After all, who can resist the tug of a race in which there’s an open Oval Office and a party without an obvious front-runner? And a Democratic presumptive nominee they believe is eminently beatable? Hardly anyone, it seems.

But consider this: The Republicans have more to offer this time around. While the Democratic Party below the presidential level has been hollowed out to a large degree since 2008, the GOP has had huge success. Not just in Congress, but in the states. Consider this: Since Barack Obama was elected in 2008, there are nine more Republican governors.

So, it’s no surprise that the potential 2016 field is flush with executive experience. The GOP has a large group of governors and former governors who are eyeing the race (Scott Walker of Wisconsin, John Kasich of Ohio, Bobby Jindal of Louisiana, Bush of Florida, Chris Christie of New Jersey, Romney of Massachusetts, Rick Perry of Texas, to name a bunch.) After two terms of a president who entered office with about zero executive experience, it’s a good credential to have on the resume. And it’s a seller’s market.

It’s a real problem for the one-term senatorial contenders like Rand Paul and Marco Rubio, but some of them bring something else to the table: actual ideas. Yes, the party is in the middle of an intramural fight about its future direction. But even that may provide some hope that the usual dynamic of the GOP primary contest — the lunge to the right — could be upended by a new paradigm or at least a broader tent. In other words, inspire some new primary voters.

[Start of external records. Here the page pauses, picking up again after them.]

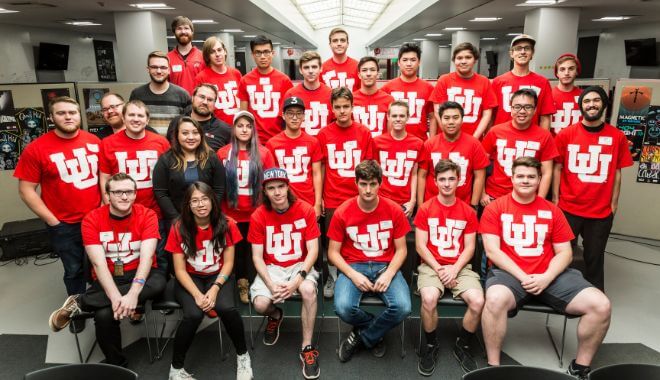 University of Utah (Utah) Esports Program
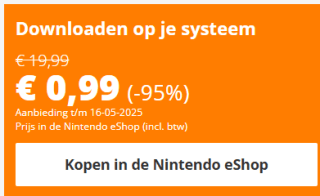 Farm Tycoon voor €0,99 in de Nintendo eShop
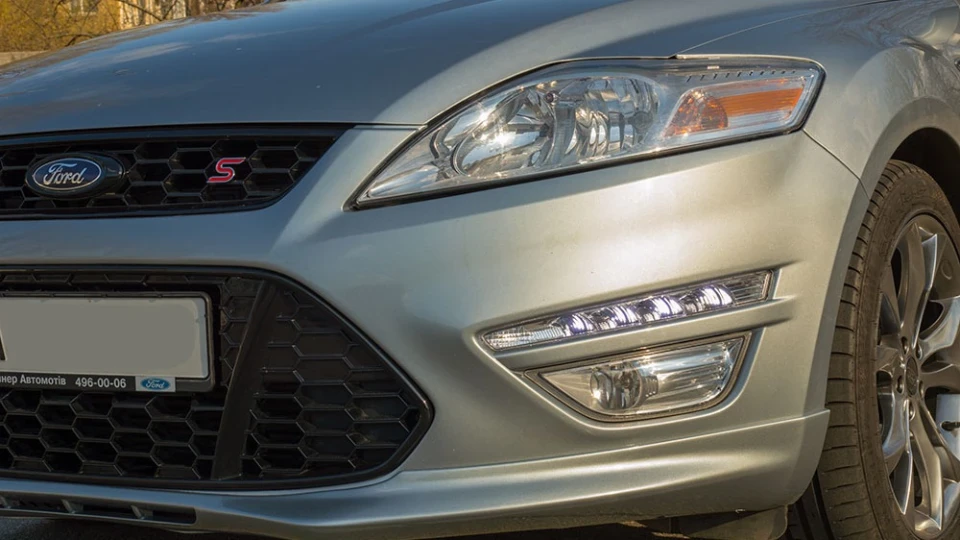 Ford Mondeo 2.0 TDCI Моня 5
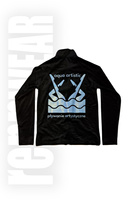 AQUA ARTISTIC | Bluza klubowa z zamkiem| rennWEAR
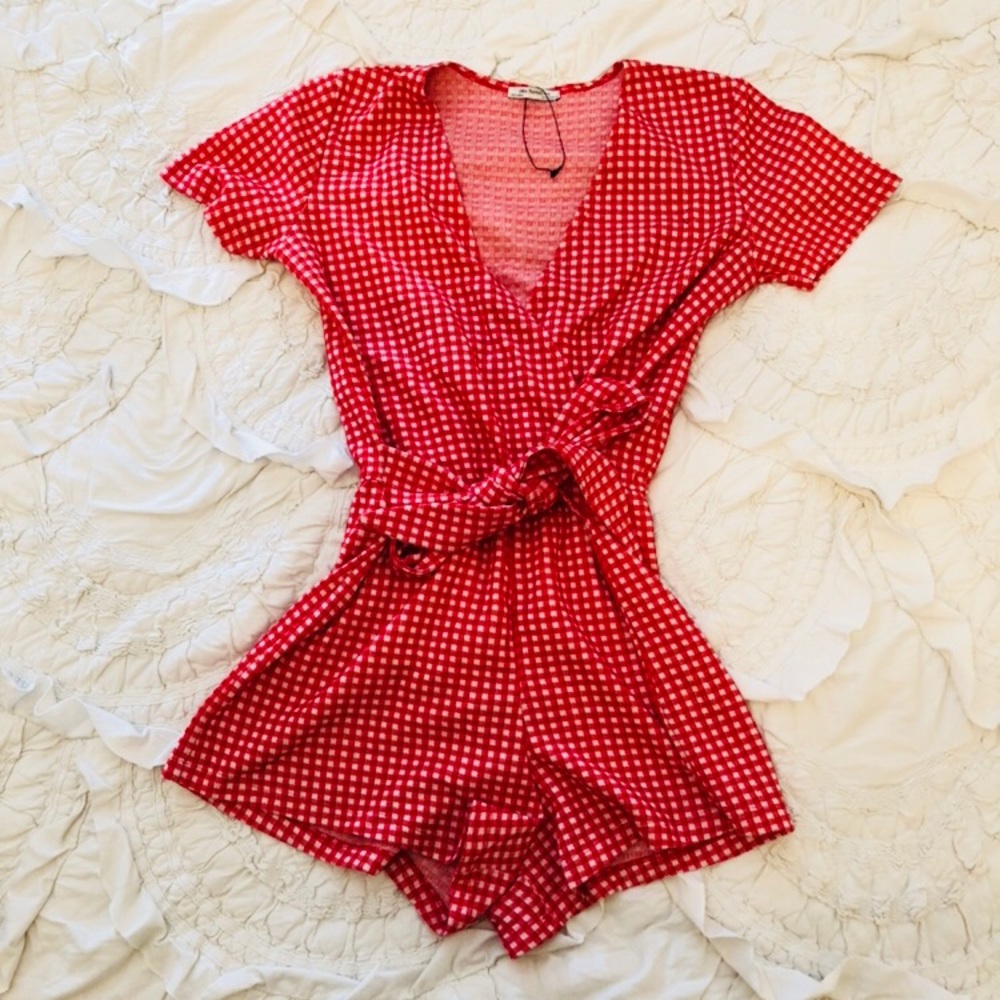 Zara Romper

Imagine that.

All this plays out, of course, as the Democrats try to decide when Hillary Clinton should make her candidate debut: This spring? This summer? Perhaps at the first hint of fall in the air? After all, she has no serious primary challenger on the horizon, so why argue with yourself— or pesky Republicans, for that matter?

I get it. But this isn’t 2012. If some Republicans are willing to “lose the primary,” they’re getting serious. And the campaign is here, with her or without her.